##### Provided records #####

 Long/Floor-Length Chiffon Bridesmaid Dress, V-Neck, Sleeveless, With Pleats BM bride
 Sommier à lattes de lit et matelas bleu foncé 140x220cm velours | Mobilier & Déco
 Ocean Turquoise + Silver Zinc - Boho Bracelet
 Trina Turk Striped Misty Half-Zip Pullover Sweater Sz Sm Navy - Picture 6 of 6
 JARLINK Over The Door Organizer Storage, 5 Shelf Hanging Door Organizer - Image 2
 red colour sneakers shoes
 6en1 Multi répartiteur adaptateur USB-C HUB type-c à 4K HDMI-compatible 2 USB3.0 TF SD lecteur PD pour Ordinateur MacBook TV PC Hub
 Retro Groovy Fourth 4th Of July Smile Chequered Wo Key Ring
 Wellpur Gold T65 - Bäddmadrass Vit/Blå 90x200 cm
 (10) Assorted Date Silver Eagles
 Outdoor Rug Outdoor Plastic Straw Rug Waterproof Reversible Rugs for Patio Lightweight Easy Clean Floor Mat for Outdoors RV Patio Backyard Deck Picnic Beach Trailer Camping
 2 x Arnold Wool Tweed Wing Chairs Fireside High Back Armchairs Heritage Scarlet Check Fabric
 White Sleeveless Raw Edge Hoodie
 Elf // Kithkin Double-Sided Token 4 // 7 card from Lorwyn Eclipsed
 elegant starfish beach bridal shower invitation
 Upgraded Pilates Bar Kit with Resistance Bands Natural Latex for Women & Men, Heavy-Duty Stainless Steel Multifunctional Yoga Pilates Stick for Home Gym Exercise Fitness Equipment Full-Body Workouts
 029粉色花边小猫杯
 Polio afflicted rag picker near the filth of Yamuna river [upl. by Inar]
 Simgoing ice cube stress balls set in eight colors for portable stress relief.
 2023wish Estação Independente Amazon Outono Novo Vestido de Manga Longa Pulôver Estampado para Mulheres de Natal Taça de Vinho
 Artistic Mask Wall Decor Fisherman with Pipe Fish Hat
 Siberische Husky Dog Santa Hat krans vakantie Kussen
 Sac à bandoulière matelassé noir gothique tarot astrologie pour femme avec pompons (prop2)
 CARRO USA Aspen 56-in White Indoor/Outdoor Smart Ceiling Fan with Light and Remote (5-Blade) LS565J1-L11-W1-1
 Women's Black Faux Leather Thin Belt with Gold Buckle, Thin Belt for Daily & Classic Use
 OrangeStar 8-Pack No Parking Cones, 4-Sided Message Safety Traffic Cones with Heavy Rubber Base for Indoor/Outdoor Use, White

#####

**Task goal:**
Copy the records above exactly, from the first line through the line containing "Simgoing ice cube", and include nothing else.

**Your solution:**
 Long/Floor-Length Chiffon Bridesmaid Dress, V-Neck, Sleeveless, With Pleats BM bride
 Sommier à lattes de lit et matelas bleu foncé 140x220cm velours | Mobilier & Déco
 Ocean Turquoise + Silver Zinc - Boho Bracelet
 Trina Turk Striped Misty Half-Zip Pullover Sweater Sz Sm Navy - Picture 6 of 6
 JARLINK Over The Door Organizer Storage, 5 Shelf Hanging Door Organizer - Image 2
 red colour sneakers shoes
 6en1 Multi répartiteur adaptateur USB-C HUB type-c à 4K HDMI-compatible 2 USB3.0 TF SD lecteur PD pour Ordinateur MacBook TV PC Hub
 Retro Groovy Fourth 4th Of July Smile Chequered Wo Key Ring
 Wellpur Gold T65 - Bäddmadrass Vit/Blå 90x200 cm
 (10) Assorted Date Silver Eagles
 Outdoor Rug Outdoor Plastic Straw Rug Waterproof Reversible Rugs for Patio Lightweight Easy Clean Floor Mat for Outdoors RV Patio Backyard Deck Picnic Beach Trailer Camping
 2 x Arnold Wool Tweed Wing Chairs Fireside High Back Armchairs Heritage Scarlet Check Fabric
 White Sleeveless Raw Edge Hoodie
 Elf // Kithkin Double-Sided Token 4 // 7 card from Lorwyn Eclipsed
 elegant starfish beach bridal shower invitation
 Upgraded Pilates Bar Kit with Resistance Bands Natural Latex for Women & Men, Heavy-Duty Stainless Steel Multifunctional Yoga Pilates Stick for Home Gym Exercise Fitness Equipment Full-Body Workouts
 029粉色花边小猫杯
 Polio afflicted rag picker near the filth of Yamuna river [upl. by Inar]
 Simgoing ice cube stress balls set in eight colors for portable stress relief.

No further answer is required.